Created in 1998 during the Glendening administration, the Bay Game is produced by the Department of Natural Resources and paid for by donations from state agencies and private sponsors. Originally it was handed out at the Bay Bridge tollbooth each summer - a pleasant diversion for the little people in the back seat on their way with mom and dad to Ocean City. It also was used during the year in classrooms and by youth groups.

With the advent of E-ZPass, distribution made the transition to the Web, public libraries and visitors centers across the state and tourist spots such as the National Aquarium and Maryland Science Center.

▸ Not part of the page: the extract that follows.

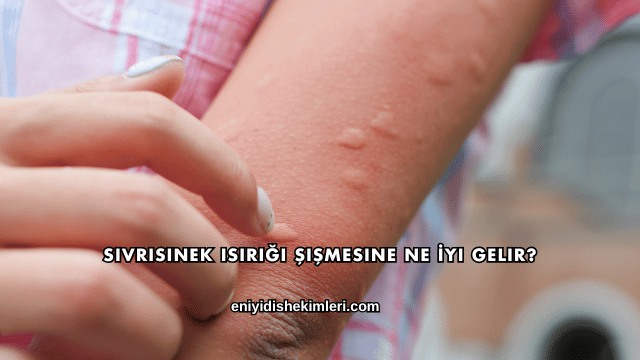 Sivrisinek Isırığı Şişmesine Ne İyi Gelir?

In 2004, the Bay Game had 19 sponsors that ponied up $75,500 to cover expenses and printing costs. Last year, it was just $30,000, enough to print 250,000 copies, which just ran out.

This year, the agency has raised $13,000, and "we've had a bunch of 'nos,' " DNR spokesman Josh Davidsburg said. "We're afraid this could be the end, and we don't want to lose this Maryland tradition."

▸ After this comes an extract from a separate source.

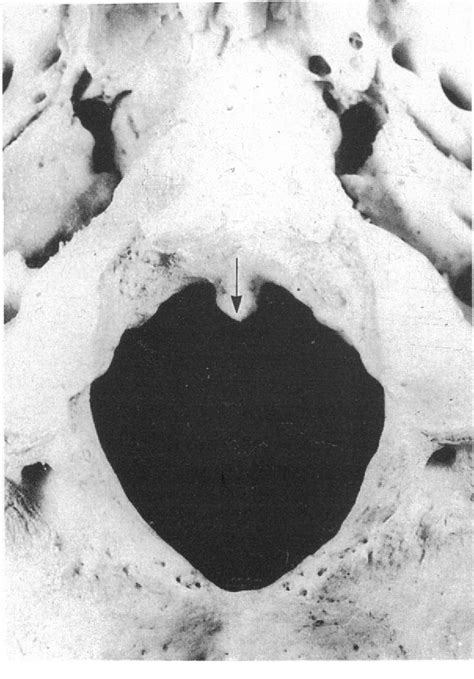 Figure 1 From A Tubercle At The Anterior Margin Of The Foramen Magnum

This year's edition is ready to roll. Orders are coming in. All that's needed is about 17 grand, maybe less if pages can be cut. Times are tight, but some group must have spare change under the sofa cushions. With more than $20 million in annual revenue, assets totaling $87 million and a mission geared to environmental education, the Chesapeake Bay Foundation seems a logical partner, eh?

If worse comes to worst, parents can still download the 2009 version at dnr.mary

Talking turkey

Turkey season begins Saturday with the annual youth hunt and moves into the grown-up phase April 19.

Hunters 16 years of age or younger may participate if they have a Maryland license and are accompanied by an unarmed person over 21 who has a Maryland license. A Maryland resident and landowner and his or her children and grandchildren who hunt only on that property are exempted from buying a hunting license. Also, resident Junior Hunters who complete a state Hunter Safety Course are entitled to one free annual hunting license, bow stamp and muzzleloader stamp.

The Department of Natural Resources will send successful Junior Hunters a certificate of accomplishment. Just follow the instructions on the agency Web site.

What more could you ask for? An abundance of turkeys?

That might be a tough order to fill this year. State wildlife managers say breeding numbers have been below average in four of the past five years. And while the population is stable or increased in Southern Maryland and the upper Eastern Shore, numbers have declined on the lower shore and in the western part of the state.

They don't have to worry about me. As hard as I've tried, turkey hunting and I have never meshed. The truth is, gobblers have great hearing and all the time in the world, and I came into the world 56 years ago equipped with OK hearing and no patience.

My dad and granddad threw up their hands in disgust. A decade ago, the late, great turkey man Chuck Lewis of Pasadena uncovered the truth: I give the birds about 30 minutes to turn themselves in before my attention begins to drift and I start fiddling with my camera. Luckily, he was a shutterbug, too. Even experts from the National Wild Turkey Federation, who insisted they could turn me into a turkey hunter and took me out for a day, came to realize I was a lost cause.

Some things just weren't meant to be.

I could go on, but Bill Heavey explained the problem much better than I could in his "A Sportsman's Life" column in the April edition of Field and Stream. A quick excerpt:

"Pop quiz: Wild turkeys exist in 49 of the 50 states. Which state has none?

"The correct answer is, 'Whichever state I'm hunting in now.' "

Anyway, I highly recommend his explanation.

The season ends for me April 19. For the rest of you, it's May 24.